To identify all repositories with files which have been:

  • changed/added/deleted/etc (i.e. they files are already under version control) or
  • not tracked yet (i.e., new files which git doesn't know yet what to do with)

... I use the following convenient one-liner (without I could not do my work anymore):

find . -name '.git' | while read repo ; do repo=${repo//.git/}; git -C "$repo" status -s | grep -q -v "^$" && echo -e "\n\033[1m${repo}\033[m" && git -C "$repo" status -s || true; done

(written by hoijui, posted here). Of course I define an alias for it (which I call gitstatus) that I can execute before I leave my office.
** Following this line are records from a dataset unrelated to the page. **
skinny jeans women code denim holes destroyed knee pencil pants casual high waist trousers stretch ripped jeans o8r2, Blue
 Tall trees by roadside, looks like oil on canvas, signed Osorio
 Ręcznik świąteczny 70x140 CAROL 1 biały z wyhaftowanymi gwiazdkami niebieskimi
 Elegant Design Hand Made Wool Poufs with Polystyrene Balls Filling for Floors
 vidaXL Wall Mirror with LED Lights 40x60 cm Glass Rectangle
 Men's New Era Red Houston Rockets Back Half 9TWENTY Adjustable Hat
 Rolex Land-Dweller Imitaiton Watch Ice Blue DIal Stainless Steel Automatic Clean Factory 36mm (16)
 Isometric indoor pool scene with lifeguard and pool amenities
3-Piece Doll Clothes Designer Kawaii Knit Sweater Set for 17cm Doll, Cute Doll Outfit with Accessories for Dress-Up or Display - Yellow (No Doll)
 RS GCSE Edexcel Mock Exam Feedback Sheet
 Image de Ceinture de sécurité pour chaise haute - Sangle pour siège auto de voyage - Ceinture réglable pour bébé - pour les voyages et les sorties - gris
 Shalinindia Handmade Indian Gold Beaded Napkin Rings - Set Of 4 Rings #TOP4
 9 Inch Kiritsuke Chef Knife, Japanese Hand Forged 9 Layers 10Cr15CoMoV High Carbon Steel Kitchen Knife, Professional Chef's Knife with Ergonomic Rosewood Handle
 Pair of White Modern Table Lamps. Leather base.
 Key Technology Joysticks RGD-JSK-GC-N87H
This awesome script has sadly one single disadvantage: It can't identify repositories in which I have committed files that I forgot to push. The reason is that the script checks for files with a certain status, but in this case there are no such files. Instead I need to search for an output message of the form:

  • "Your branch is ahead of 'origin/master' by 1 commit." or
  • "Your branch is ahead of 'origin/master' by 2 commits."
  • (Or values >2. I just added both messages to emphasize that these messages have slightly different strings for n=1 and n>1 commits.)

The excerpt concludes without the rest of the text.